## Input material
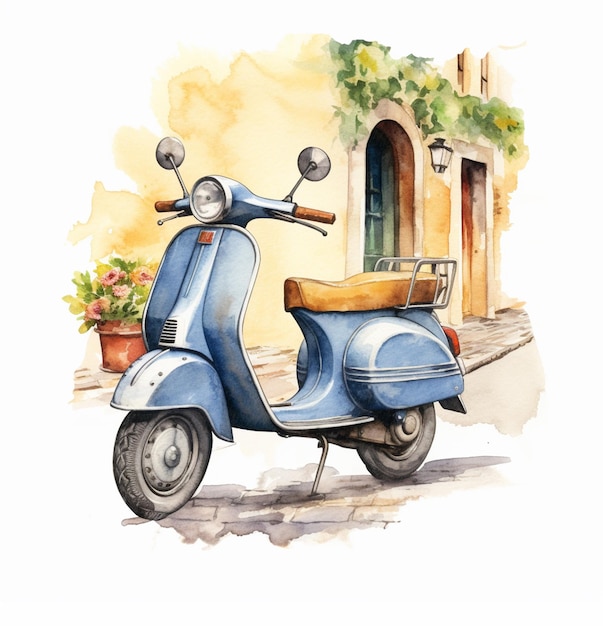 Foto uma ilustração de vespa e scooter de cor de água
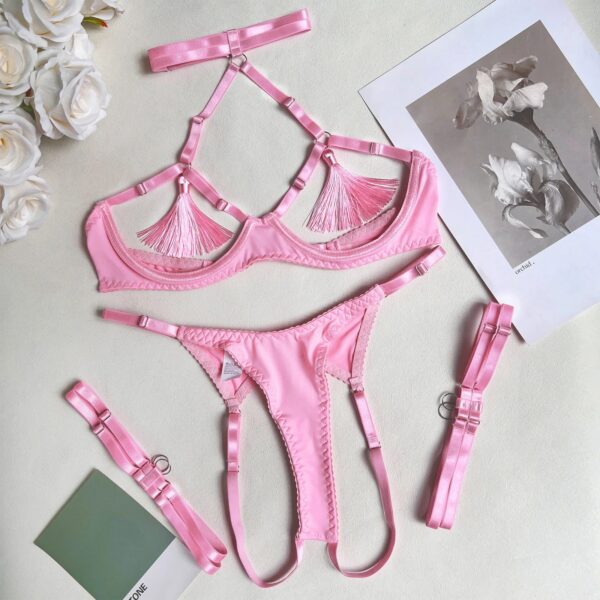 Sexy Lingerie Set Tassel Lingerie Set Women Cut Out Sexy Erotic Set  Solid Brief Underwear Set Nightwear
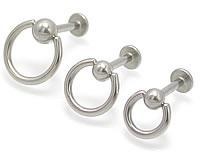 14g Lip Ring with Slave Captive Hoop - Labret Stud Body Jewelry - Monster Steel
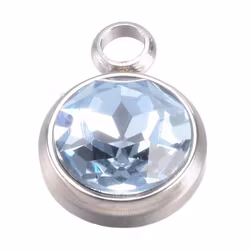 Rostfritt stål stor berlock ljusblå, 1 st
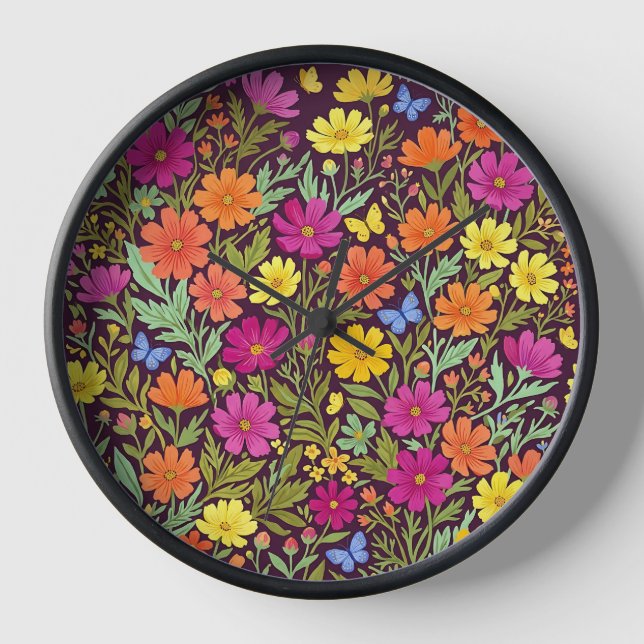 Cosmos Fleurs Papillons Art Horloges Abstraits (Recto)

## Task description
Retype everything in the material word for word, minus pictures.

## Reply
 Foto uma ilustração de vespa e scooter de cor de água
 Sexy Lingerie Set Tassel Lingerie Set Women Cut Out Sexy Erotic Set  Solid Brief Underwear Set Nightwear
 14g Lip Ring with Slave Captive Hoop - Labret Stud Body Jewelry - Monster Steel
 Rostfritt stål stor berlock ljusblå, 1 st
 Cosmos Fleurs Papillons Art Horloges Abstraits (Recto)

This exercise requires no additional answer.